Jill was left a paraplegic as a teenager and Dan was given six months to live 22 years ago.

Revd Wenham said: “I couldn’t help reflecting how different their, and therefore their family’s – and indeed our own – life would have been if the brave new world of Dignitas and its promoters had arrived here in Britain.”


Writing in The Independent, Dominic Lawson told of meeting ‘Bill’ at a focus group of Cerebal Palsy sufferers hosted by disability charity Scope.

‘Bill’ told the meeting he had changed his mind about making assisted suicide legal.

He continued: “I can see in 15 years or so my relatives saying, ‘Bill’s depressed, he can’t work, but hey, assisted suicide is an option.'”

And he added that he struggles to “see in practice a system of assisted suicide that will guarantee vulnerable people don’t end up being assisted quite aggressively”.


Concluding his article on The Guardian’s website Revd Wenham said the idea of the individual’s choice being sovereign is “a pretty impoverished world”.

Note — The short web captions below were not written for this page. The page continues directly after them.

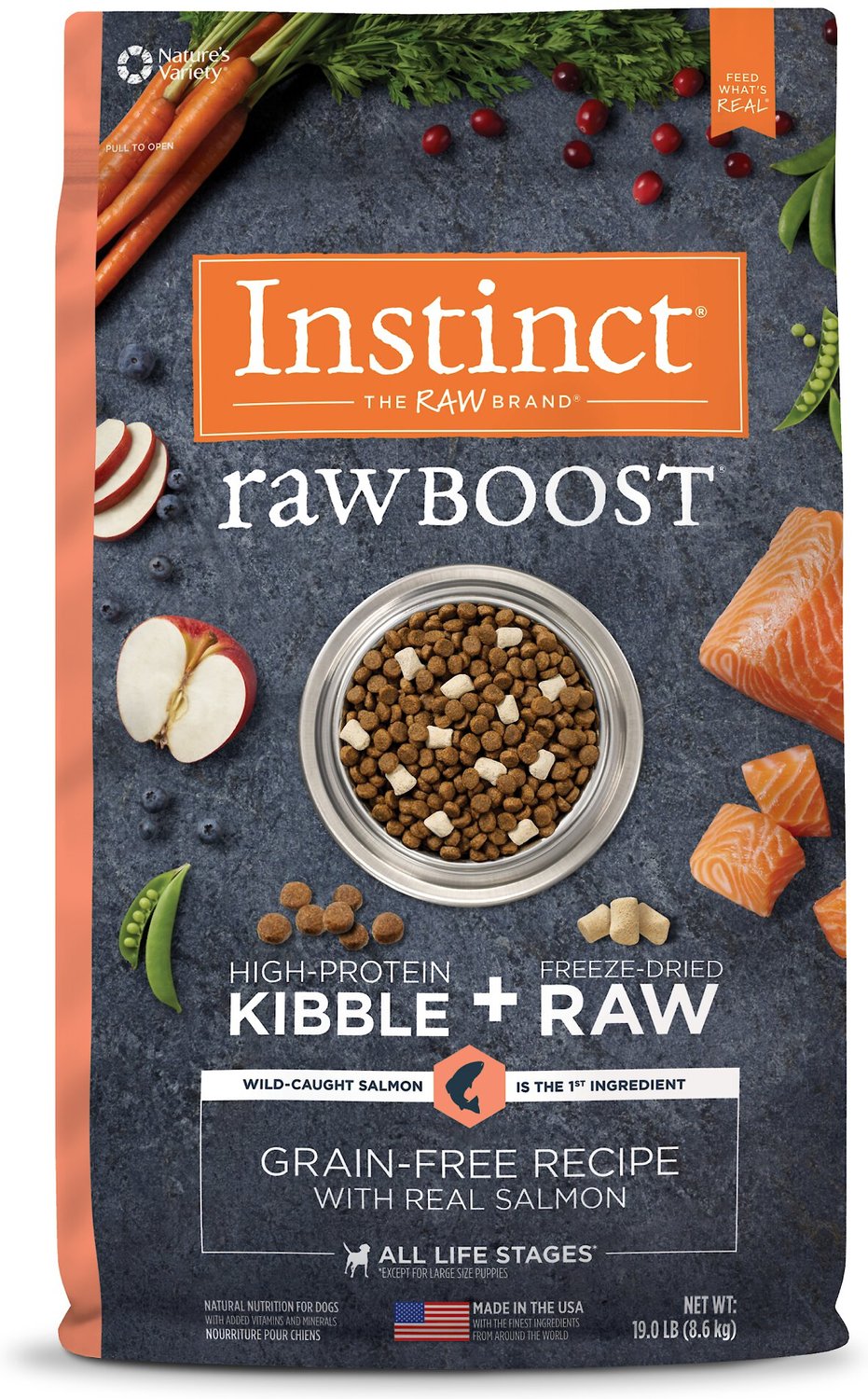 instinct raw boost salmon dog food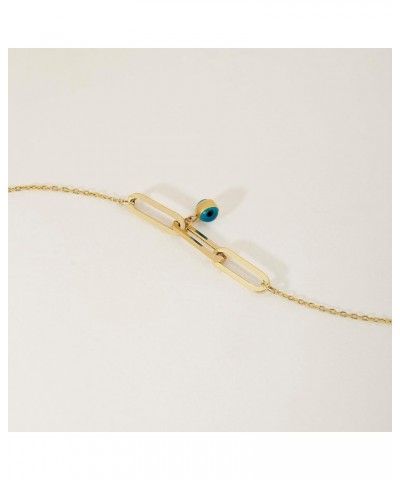 14K Solid Gold Evil Eye Charm Bracelet | 14k Gold Paperclip Chain Bracelet for Women, Adjustable 6" to 7 $84.50 Bracelets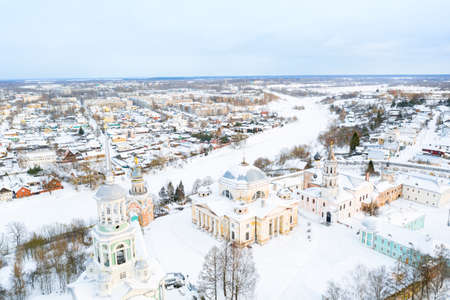 Aerial drone view of Novotorzhsky Borisoglebsky Monastery with Tvertsa river in Torzhok, Russia. Russian winter landscape.の写真素材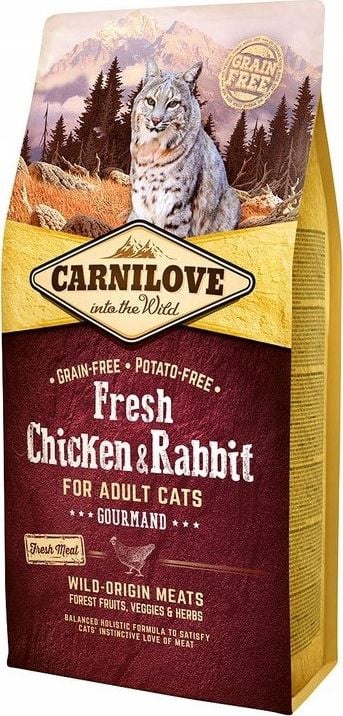 Kuiv kassitoit Carnilove Adult Cat Fresh Chicken & Rabbit, küülikuliha, 2 kg
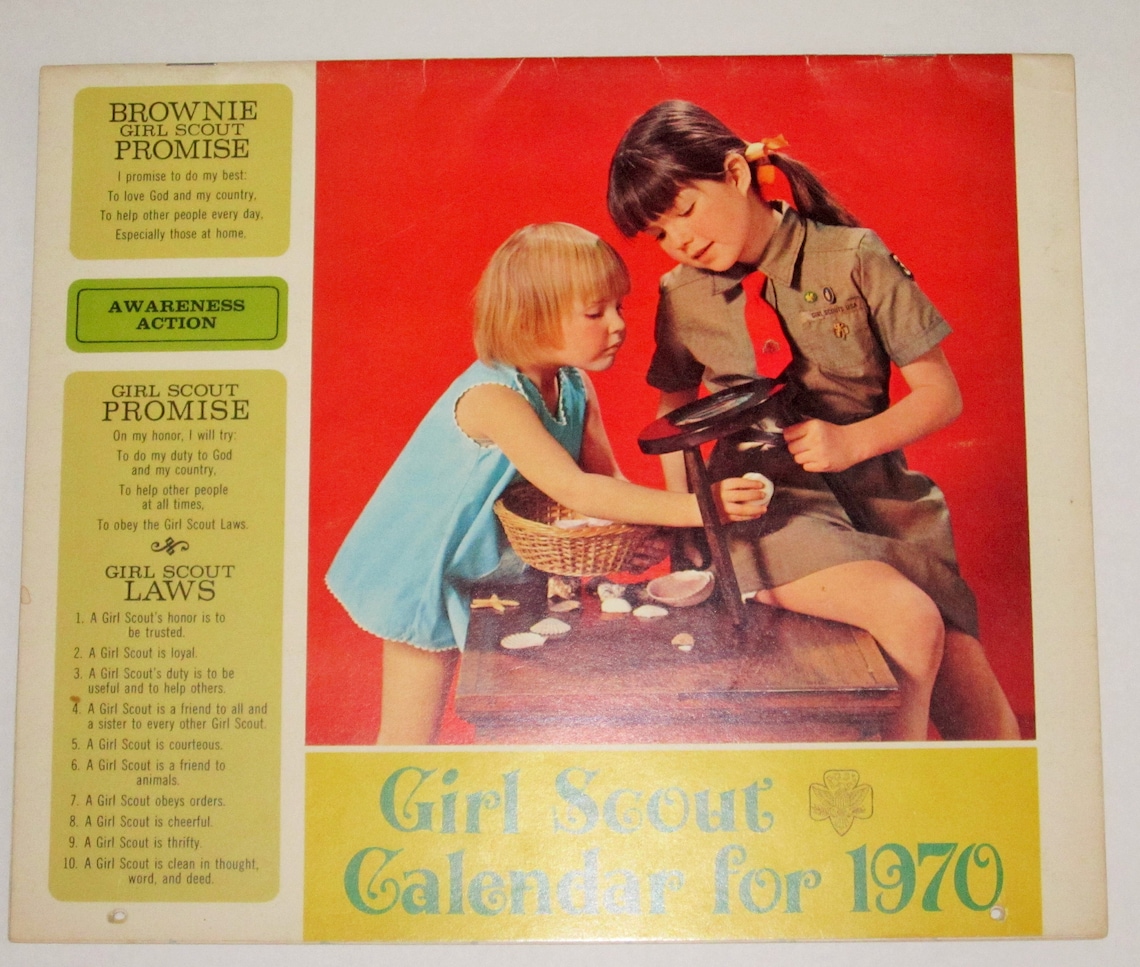 Vintage Girl Scout Calendar circa 1970 Etsy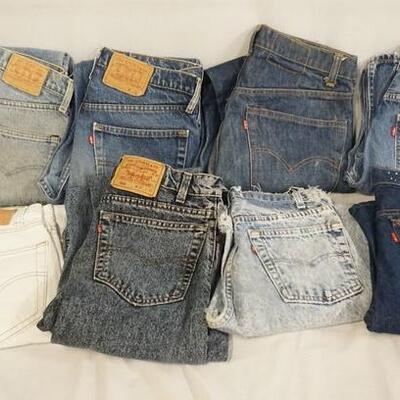 1077	LOT OF EIGHT PAIRS OF VINTAGE LEVIS JEANS. SIZES ARE; 33 X32,34 X 30, 32 X 30, 32 X 32, 31 X 32, 34 X 32, & TWO ARE SIZE 30 X 30....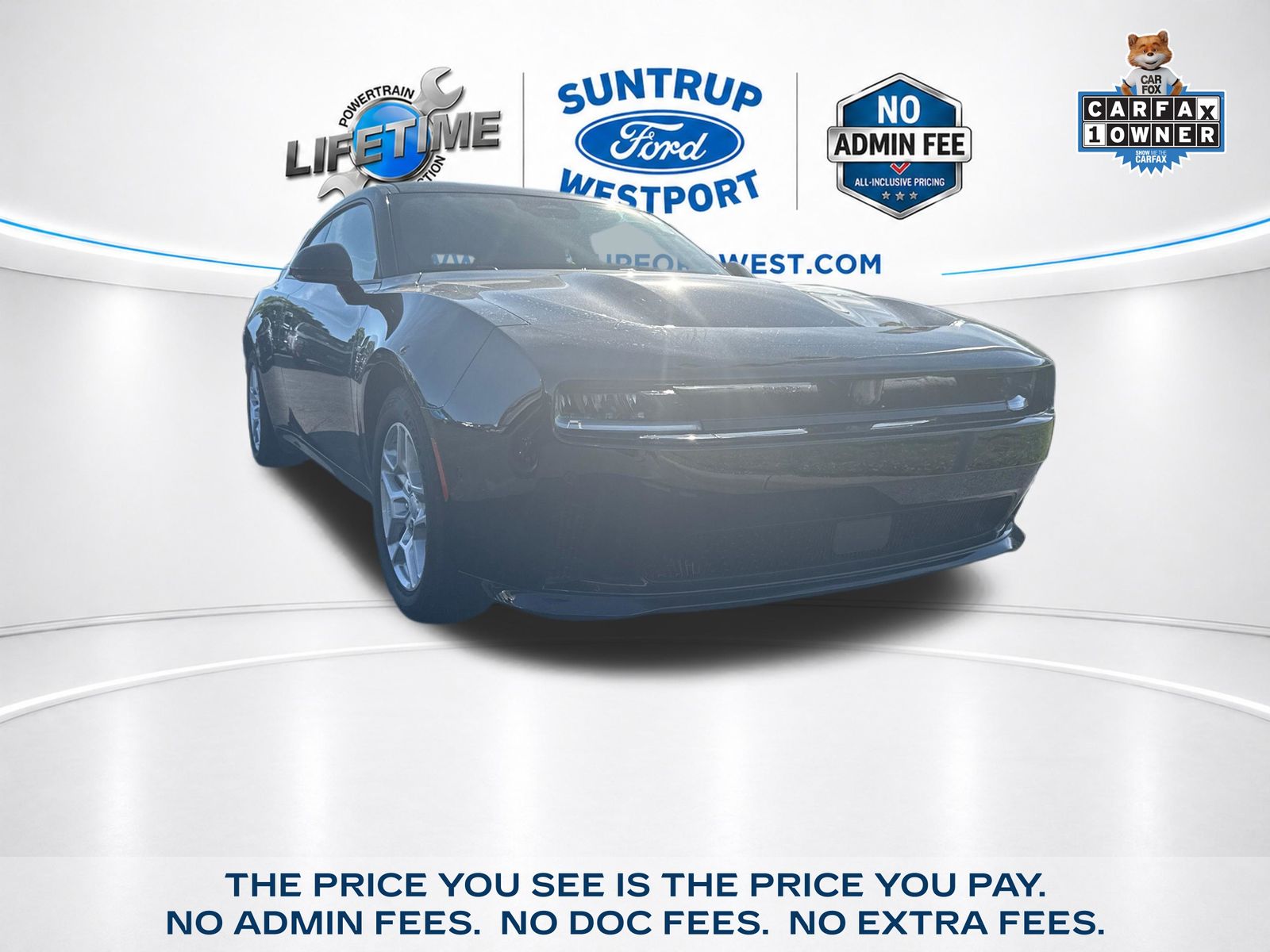 Diamond Black Crystal Pearlcoat 2025 Dodge Charger Daytona R/T AWD Coupe All-Wheel Drive 1-Speed Automatic
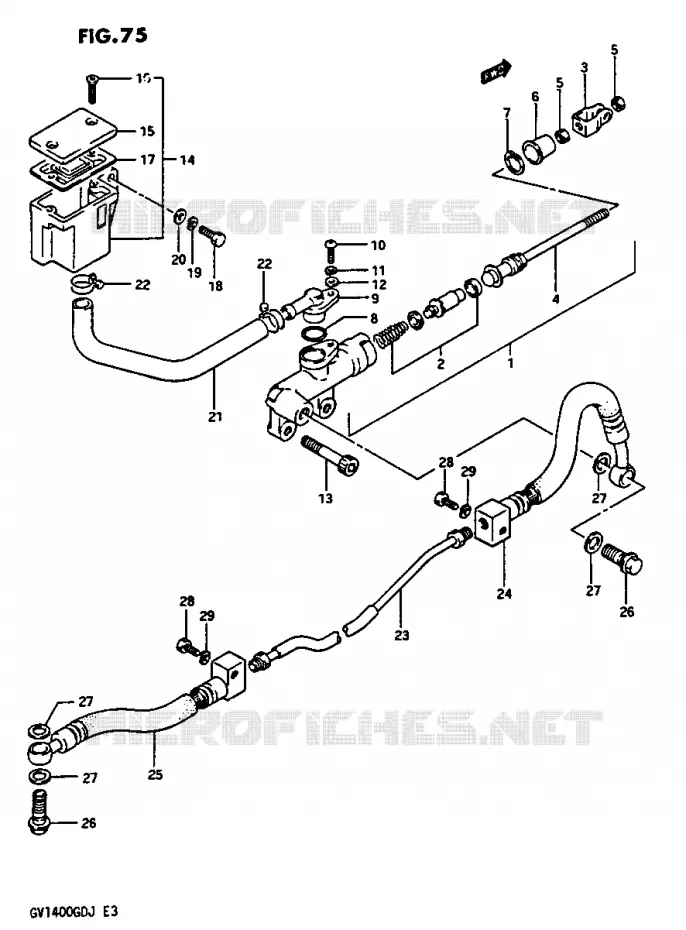 MAITRE CYLINDRE ARRIERE Suzuki MOTO 1400 CAVALCADE 1986  GV1400GDG(G/H/J)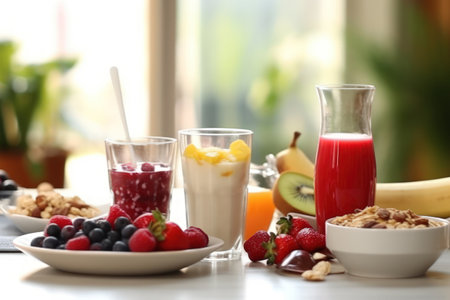 Happy Healthy breakfast for kid on table in kitchen.の素材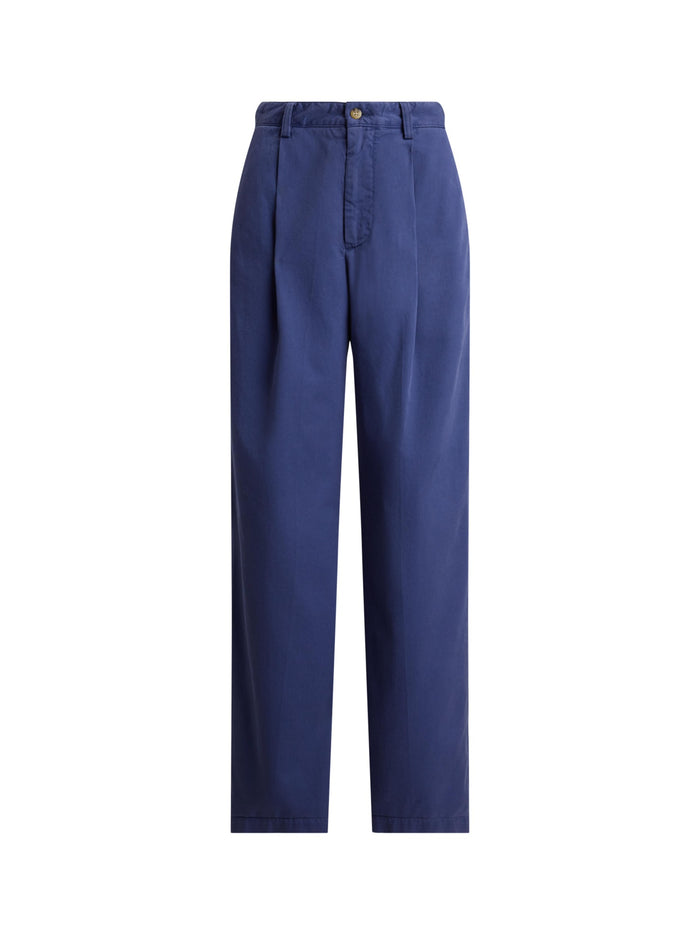 RALPH LAUREN WOMEN Pleated Cotton-Blend Relaxed Pants Blue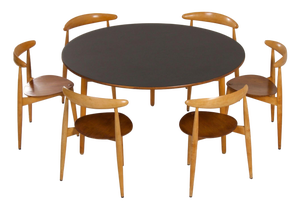 Heart Dining Set by Hans Wegner for Fritz Hansen, 1950s, Set of 7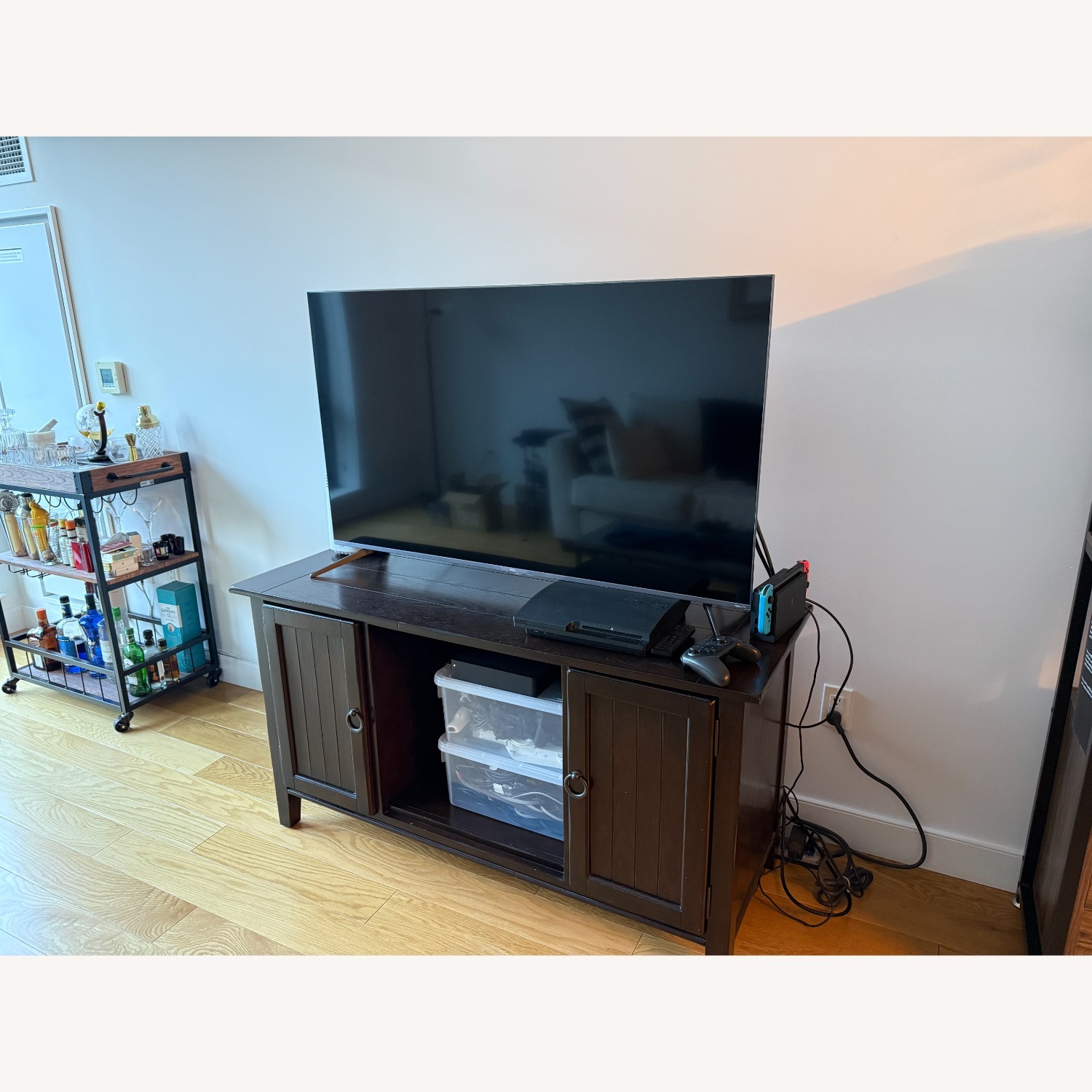 Dark Brown Wood Entertainment Center - image-2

He said: “The best thing in life is to experience the extraordinary depth with which one can be loved.”

He added that the “tragedy” of those deaths which were portrayed in the BBC documentary “is that they didn’t trust themselves to the journey their loved ones wanted to travel with them”.

Because if they had, he said, “the road might well have been rough, but they would have discovered, hand in hand with them, beauties of the human spirit few of us ever glimpse”.